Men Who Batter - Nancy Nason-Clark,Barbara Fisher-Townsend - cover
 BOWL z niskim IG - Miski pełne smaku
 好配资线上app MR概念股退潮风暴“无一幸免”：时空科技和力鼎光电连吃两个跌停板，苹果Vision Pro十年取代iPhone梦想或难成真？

● ● ● ● ●

Problem statement: Return the full listing exactly as written.

Answer space:
Men Who Batter - Nancy Nason-Clark,Barbara Fisher-Townsend - cover
 BOWL z niskim IG - Miski pełne smaku
 好配资线上app MR概念股退潮风暴“无一幸免”：时空科技和力鼎光电连吃两个跌停板，苹果Vision Pro十年取代iPhone梦想或难成真？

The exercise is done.